After rumours of moves to MLS, PSG or even the Premier League, Casillas appears to have found the perfect club with Porto. A deal struck with Madrid, who will take on some of the financial burden, sees the footballer earning a reported €10million a season in a two-year deal.
Casillas will be able to play Champions League football, have enough Spaniards in the dressing room to feel right at home and even find a familiar face in the form of Porto boss Julen Lopetegui, a former Real Madrid ‘B’ team coach and Spain U-21 manager. What’s more, Oporto is mere minutes away from Madrid by plane, meaning that the goalkeeper’s favourite haunts in barrio of Mostoles will still enjoy the local hero’s patronage from time to time.
Whilst the Madrid media will declare the footballer to be a living legend of the side and talk of a fond farewell, this particular parting of the ways will not be a particularly friendly one. Rather like those of Raul and Guti, two footballers born and raised at the club, the eventual send-off is more like a gentle poke out of the door by Florentino Pérez.
The problems began for Casillas under José Mourinho, when the goalkeeper returned from injury halfway through the 2012-13 season and found that the supposed interim keeper Diego López was now the number one. Whilst the Portuguese provoker claimed that it was a purely footballing decision, a suspicion hung over the Spanish capital that a clash of prickly characters was the problem.
As well as rumours that Casillas was spinning against Mourinho from the dressing room and forming a cabal with Sergio Ramos, it was clear that the club captain was unhappy at the way that Mourinho was trying to divide the World Cup-winning Spanish camp with his antagonistic approach to Barcelona in the Clásicos. From Mourinho’s perspective, the Casillas’ wish to patch up differences with those at the Catalan club was against company orders and counter-productive.
Casillas would have watched the departure of the Portuguese coach at the end of that campaign with a mixture of relief and a defiant middle finger. However, life was to continue to be troublesome for Casillas, who remained on the bench under the tenure of Carlo Ancelotti. To be dropped by one manager was unfortunate; to be dropped by two meant something was not quite right.
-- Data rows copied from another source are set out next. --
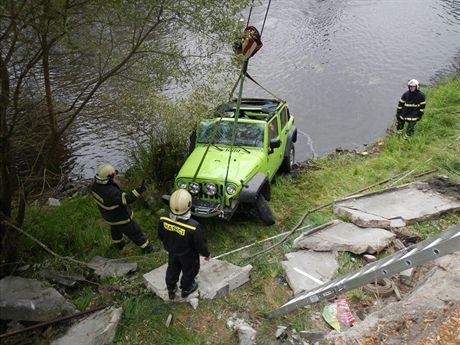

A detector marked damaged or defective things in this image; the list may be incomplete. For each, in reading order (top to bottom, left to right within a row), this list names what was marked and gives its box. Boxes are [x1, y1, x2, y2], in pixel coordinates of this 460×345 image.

damaged windshield [196, 120, 264, 147]
broken concrete slab [332, 180, 460, 228]
broken concrete slab [292, 219, 394, 254]
broken concrete slab [0, 276, 77, 322]
broken concrete slab [86, 255, 137, 276]
broken concrete slab [143, 256, 252, 300]
broken concrete slab [280, 249, 338, 294]
broken concrete slab [50, 306, 122, 344]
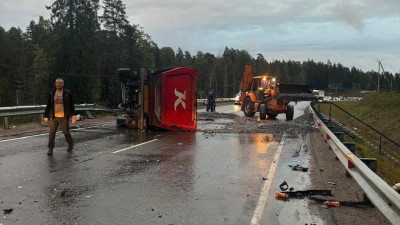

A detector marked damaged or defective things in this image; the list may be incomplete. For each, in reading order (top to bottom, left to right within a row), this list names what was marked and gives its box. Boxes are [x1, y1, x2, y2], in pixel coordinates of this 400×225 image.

overturned red truck [117, 67, 198, 130]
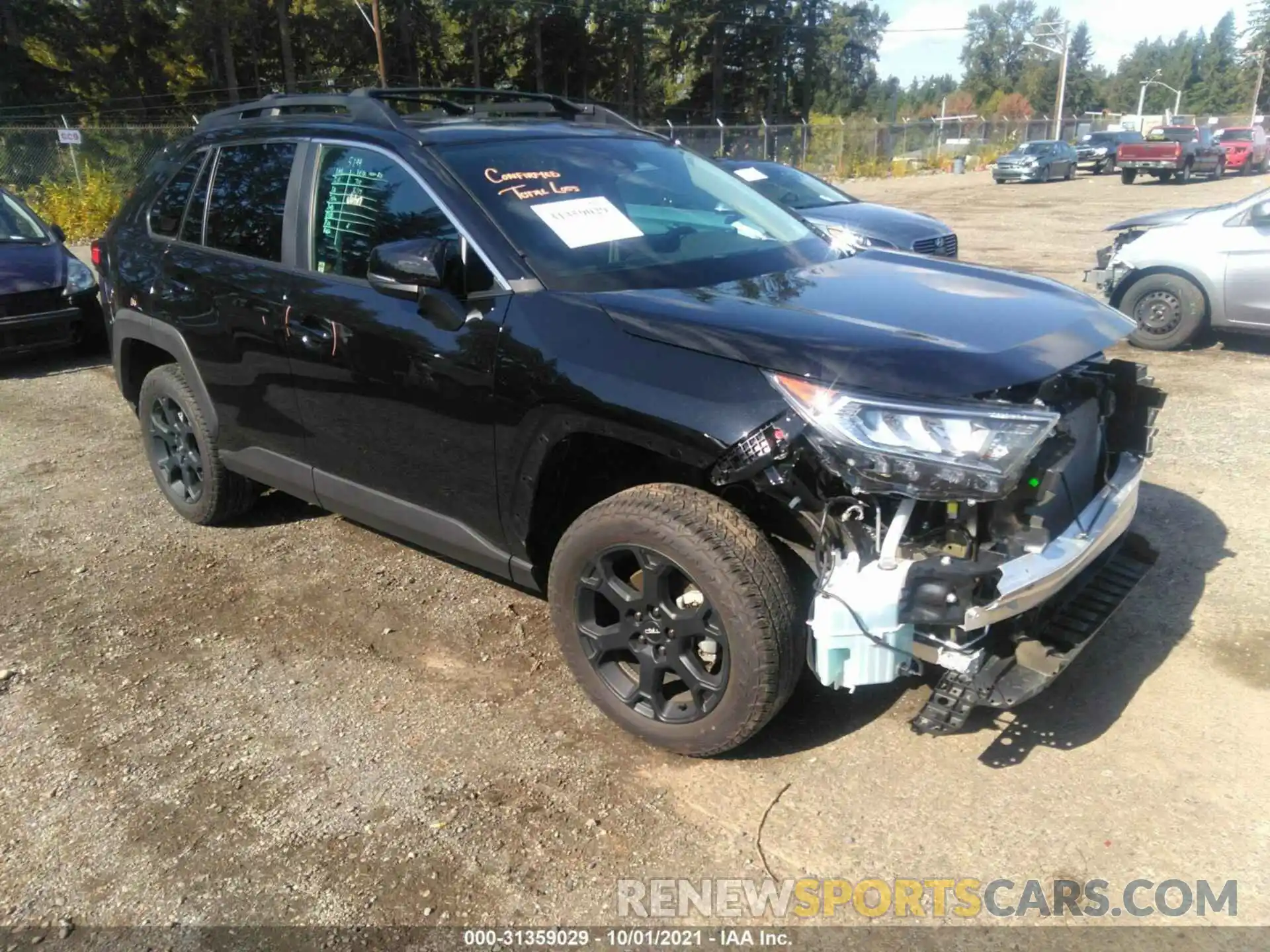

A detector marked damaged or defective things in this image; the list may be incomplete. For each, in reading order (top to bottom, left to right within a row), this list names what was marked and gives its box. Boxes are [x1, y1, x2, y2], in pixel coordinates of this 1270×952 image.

front end damage [709, 357, 1164, 735]
crumpled bumper [963, 455, 1143, 632]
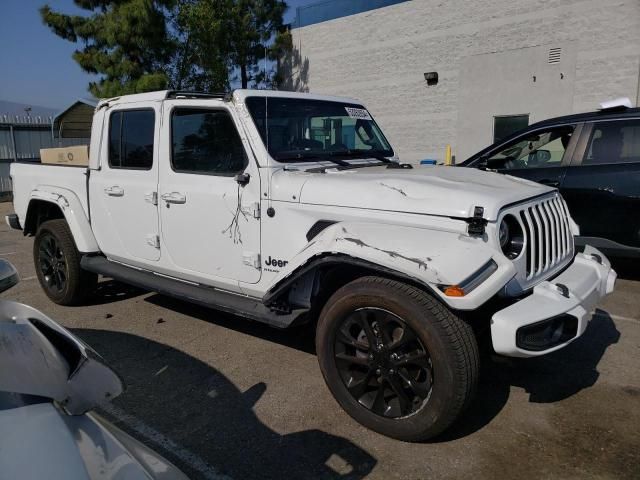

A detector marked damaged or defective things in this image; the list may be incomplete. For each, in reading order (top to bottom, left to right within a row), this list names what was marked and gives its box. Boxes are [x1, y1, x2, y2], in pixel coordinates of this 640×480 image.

damaged front fender [264, 222, 520, 310]
damaged front fender [0, 300, 122, 416]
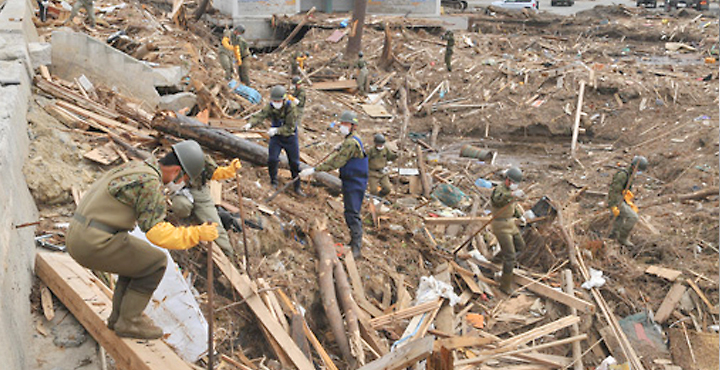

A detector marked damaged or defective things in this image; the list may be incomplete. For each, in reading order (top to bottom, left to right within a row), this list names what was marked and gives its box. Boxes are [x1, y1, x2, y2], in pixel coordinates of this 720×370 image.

broken timber [150, 111, 342, 192]
broken timber [35, 253, 195, 370]
broken timber [211, 243, 318, 370]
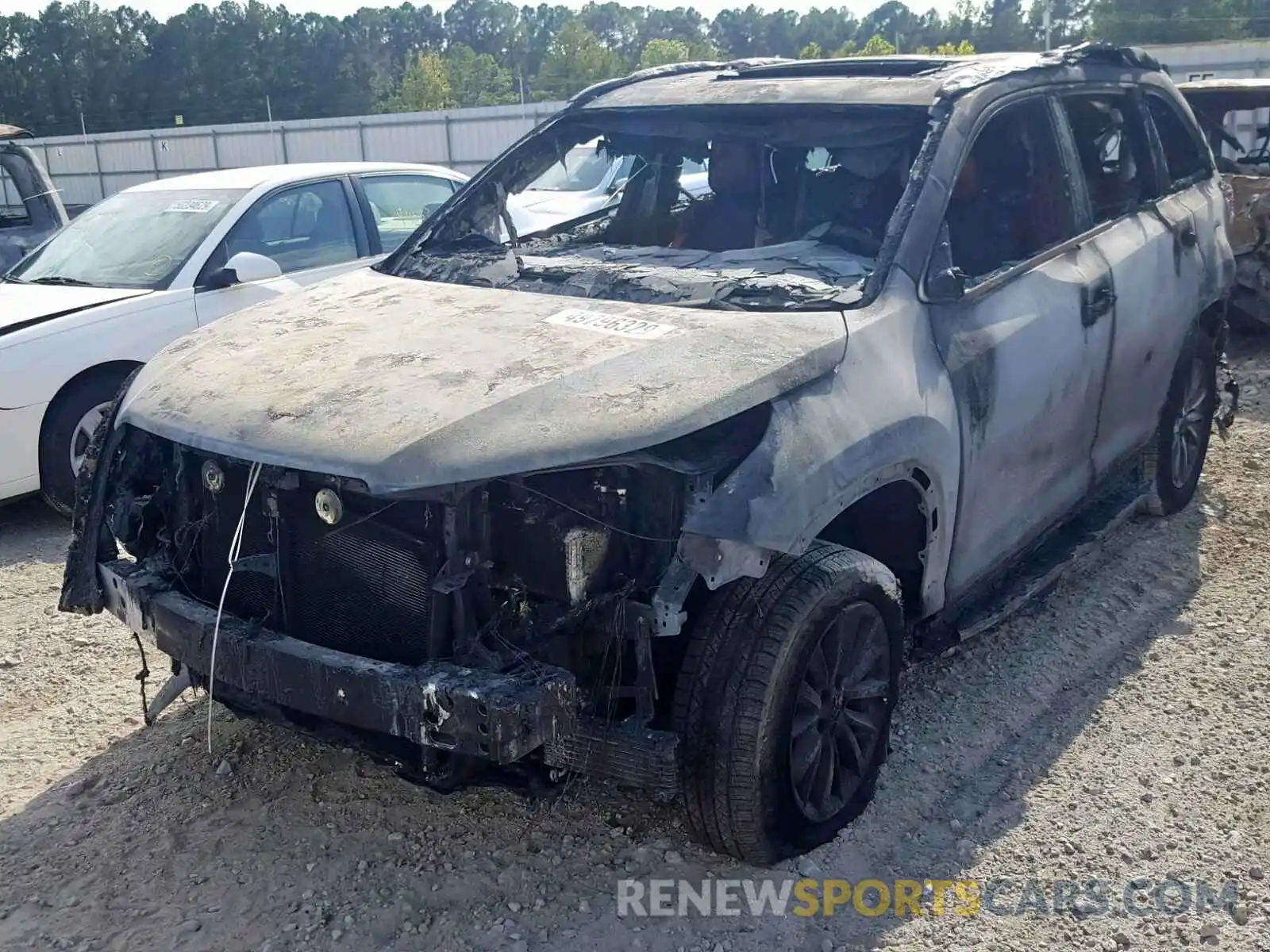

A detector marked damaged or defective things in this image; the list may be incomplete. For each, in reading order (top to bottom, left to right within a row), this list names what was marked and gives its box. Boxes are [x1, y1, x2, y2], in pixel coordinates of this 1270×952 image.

destroyed hood [0, 281, 154, 336]
charred engine bay [91, 419, 765, 727]
destroyed hood [119, 267, 851, 492]
charred engine bay [397, 236, 876, 311]
burned suv [64, 44, 1238, 863]
damaged door [921, 97, 1111, 603]
damaged door [1054, 89, 1213, 476]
Although Casillas was restored as Madrid’s number one stopper last season, there were still doubts and criticisms over his form from particularly picky supporters. There were even boos for a footballer once christened Saint Iker by some in the Santiago Bernabéu.
This exhausting three-year back story will have played a huge part in his decision to leave the only club he has ever known. That and the fact that David de Gea’s potential arrival would almost certainly see the 34-year-old heading back to the bench.
Whilst playing for Real Madrid is almost certainly a dream of most footballers, the cons sometimes heavily outweigh the pros. The pressure is constant. The gossip, rumours and scurrilous stories are endless, and any player is only a couple of bad matches from being a Bernabéu boo-boy. It’s no wonder that Casillas wants to spend his twilight years somewhere a little more sedate.